• **What you should do**: Pictures do not belong in the copy. Write out exactly the lines from the one containing "Two individuals discussing work" through the end of the data.

[[ Information supplied, beginning ]]

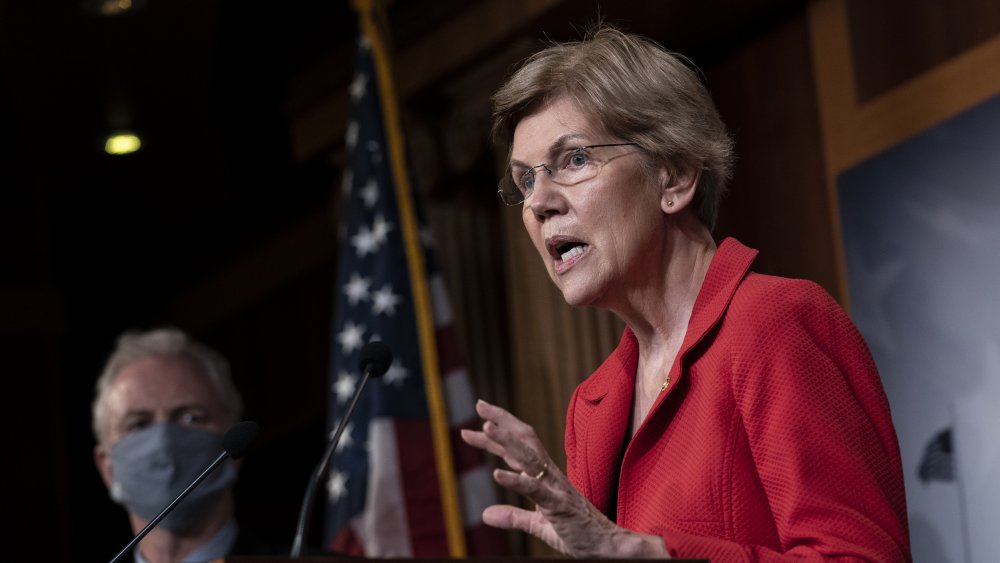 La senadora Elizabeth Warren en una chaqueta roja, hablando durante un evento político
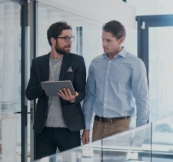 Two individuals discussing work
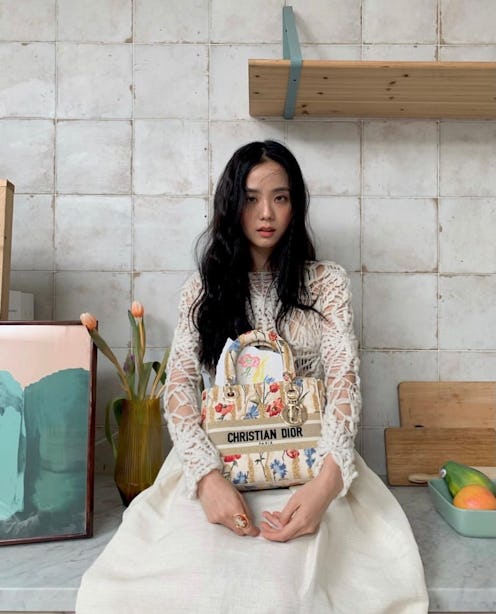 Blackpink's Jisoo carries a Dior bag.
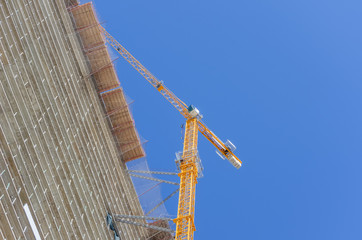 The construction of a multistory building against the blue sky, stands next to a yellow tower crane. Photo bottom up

[[ Information supplied, end ]]

• **Answer area**:
 Two individuals discussing work
 Blackpink's Jisoo carries a Dior bag.
 The construction of a multistory building against the blue sky, stands next to a yellow tower crane. Photo bottom up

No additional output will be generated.